Today, we have a delicious holiday side: Roasted and Spiced Kabocha! This is a simple pumpkin dish that brings both the sweet and savory undertones of the kabocha through a complex blend of spices. Adding the pecans and cranberries on top of that brings forth even more flavor and texture. Pair it with some roast beef, holiday ham, or even seafood like lobster, and you’ll have a great meal for the holiday season!

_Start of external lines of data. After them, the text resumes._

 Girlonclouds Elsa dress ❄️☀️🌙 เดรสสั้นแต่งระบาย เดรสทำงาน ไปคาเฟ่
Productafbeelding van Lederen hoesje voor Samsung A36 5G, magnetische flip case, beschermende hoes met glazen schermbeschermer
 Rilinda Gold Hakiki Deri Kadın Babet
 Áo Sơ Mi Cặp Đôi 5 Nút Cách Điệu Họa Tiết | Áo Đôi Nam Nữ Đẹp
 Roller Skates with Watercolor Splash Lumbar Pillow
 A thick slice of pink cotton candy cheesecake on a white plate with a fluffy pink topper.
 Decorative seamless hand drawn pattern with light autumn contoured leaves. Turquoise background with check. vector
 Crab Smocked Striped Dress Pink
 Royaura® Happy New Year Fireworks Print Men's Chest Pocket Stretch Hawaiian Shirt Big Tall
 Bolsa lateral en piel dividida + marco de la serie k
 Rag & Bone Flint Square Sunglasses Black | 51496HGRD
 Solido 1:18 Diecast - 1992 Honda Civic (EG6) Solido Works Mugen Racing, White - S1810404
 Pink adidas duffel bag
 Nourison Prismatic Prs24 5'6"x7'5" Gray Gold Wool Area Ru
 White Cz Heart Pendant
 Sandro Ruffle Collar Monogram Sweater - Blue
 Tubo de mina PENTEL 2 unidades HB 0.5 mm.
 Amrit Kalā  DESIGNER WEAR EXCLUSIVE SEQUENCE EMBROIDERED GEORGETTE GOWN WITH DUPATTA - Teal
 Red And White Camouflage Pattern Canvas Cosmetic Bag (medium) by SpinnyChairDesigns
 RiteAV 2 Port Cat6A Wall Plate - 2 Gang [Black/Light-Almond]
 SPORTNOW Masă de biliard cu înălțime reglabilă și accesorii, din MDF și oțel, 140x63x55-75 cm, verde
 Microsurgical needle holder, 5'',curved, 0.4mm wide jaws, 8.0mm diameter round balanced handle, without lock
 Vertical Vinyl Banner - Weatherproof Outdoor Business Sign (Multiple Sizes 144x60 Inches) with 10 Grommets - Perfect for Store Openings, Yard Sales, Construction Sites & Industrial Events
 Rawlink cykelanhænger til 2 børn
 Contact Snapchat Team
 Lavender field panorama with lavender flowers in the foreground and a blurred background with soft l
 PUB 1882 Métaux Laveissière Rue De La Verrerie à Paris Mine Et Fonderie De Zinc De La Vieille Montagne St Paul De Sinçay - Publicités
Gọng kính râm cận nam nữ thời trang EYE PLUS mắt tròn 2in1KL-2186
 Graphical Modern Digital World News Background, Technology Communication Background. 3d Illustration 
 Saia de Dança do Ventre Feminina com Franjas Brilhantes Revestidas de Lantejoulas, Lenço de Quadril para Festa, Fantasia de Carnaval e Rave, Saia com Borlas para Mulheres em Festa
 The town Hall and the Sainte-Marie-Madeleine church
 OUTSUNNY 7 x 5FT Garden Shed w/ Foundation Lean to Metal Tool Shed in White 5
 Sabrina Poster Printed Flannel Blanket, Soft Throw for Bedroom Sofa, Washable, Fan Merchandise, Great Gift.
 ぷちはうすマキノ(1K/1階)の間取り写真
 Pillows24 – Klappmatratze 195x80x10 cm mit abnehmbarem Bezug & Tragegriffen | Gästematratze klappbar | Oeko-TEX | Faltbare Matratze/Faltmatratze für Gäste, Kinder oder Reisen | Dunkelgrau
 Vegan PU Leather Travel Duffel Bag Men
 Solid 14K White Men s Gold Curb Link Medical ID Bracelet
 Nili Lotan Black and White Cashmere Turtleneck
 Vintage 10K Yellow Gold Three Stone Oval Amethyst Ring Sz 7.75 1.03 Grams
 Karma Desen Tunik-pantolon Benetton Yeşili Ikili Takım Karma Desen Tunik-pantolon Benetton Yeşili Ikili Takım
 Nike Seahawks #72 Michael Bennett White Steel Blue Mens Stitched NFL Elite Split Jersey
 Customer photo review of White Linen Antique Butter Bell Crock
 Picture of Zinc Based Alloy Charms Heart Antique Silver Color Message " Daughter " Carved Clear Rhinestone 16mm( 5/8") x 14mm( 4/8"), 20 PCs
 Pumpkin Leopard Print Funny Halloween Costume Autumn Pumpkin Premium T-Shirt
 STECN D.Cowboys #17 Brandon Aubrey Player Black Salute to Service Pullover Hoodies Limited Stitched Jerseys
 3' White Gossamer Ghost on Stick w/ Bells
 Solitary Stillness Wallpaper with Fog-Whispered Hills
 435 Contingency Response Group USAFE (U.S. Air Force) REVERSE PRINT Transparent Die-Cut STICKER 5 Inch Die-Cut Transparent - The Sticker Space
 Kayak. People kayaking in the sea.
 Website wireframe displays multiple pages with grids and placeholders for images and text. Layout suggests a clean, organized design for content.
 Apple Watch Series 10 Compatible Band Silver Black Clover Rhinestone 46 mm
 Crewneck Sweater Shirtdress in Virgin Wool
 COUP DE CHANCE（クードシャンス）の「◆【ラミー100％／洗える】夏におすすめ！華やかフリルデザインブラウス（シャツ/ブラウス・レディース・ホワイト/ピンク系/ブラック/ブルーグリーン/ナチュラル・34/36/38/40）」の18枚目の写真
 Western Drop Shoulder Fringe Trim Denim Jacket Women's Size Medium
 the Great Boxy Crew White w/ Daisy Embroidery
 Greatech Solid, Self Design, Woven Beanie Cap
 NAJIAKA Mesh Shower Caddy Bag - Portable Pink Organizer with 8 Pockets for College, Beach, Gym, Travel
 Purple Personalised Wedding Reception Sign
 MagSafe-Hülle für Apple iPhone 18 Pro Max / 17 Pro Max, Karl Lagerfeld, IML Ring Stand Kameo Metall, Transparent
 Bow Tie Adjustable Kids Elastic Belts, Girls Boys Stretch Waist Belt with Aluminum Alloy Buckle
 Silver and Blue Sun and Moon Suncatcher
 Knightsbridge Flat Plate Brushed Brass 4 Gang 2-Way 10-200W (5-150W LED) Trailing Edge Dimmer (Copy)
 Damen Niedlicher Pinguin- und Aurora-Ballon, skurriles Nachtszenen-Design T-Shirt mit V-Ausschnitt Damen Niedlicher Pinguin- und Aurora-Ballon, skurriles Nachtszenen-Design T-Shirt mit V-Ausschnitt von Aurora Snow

Roasted and Spiced Kabocha

Ingredients:

  • 2 pounds kabocha, peeled (optionally) and cubed
  • 1/2 cup pecans, broken into pieces
  • 1/4 cup dried cranberries
  • 2 tablespoons olive oil
  • Salt to taste
Spice mix:
  • 2 tablespoons brown sugar
  • 1/2 teaspoon ground cumin 
  • 1/2 teaspoon ground ginger
  • 1/4 teaspoon ground cinnamon
  • 1/4 teaspoon ground coriander
  • 1/4 teaspoon cayenne
  • 1/4 teaspoon allspice
  • 1/2 teaspoon salt
  • 1/4 teaspoon ground black pepper

Directions:

  1. Season the cubed kabocha with 1 tablespoon of olive oil and salt, and bake at 400°F for 15-20 minutes.
  2. Mix together the brown sugar with the spices together.
  3. Combine the kabocha, pecans, cranberries, the spice mix, and another 1 tablespoon of olive oil all together and bake at 350°F for 10 minutes.
As with all of our pumpkin dishes, for which we typically use kabocha, you can use any preferred type of pumpkin or butternut squash. Just be sure your particular pumpkin isn't too soft, and in general, take the consistency in account when cooking it. Otherwise, the same kinds of spices and ingredients will work just great!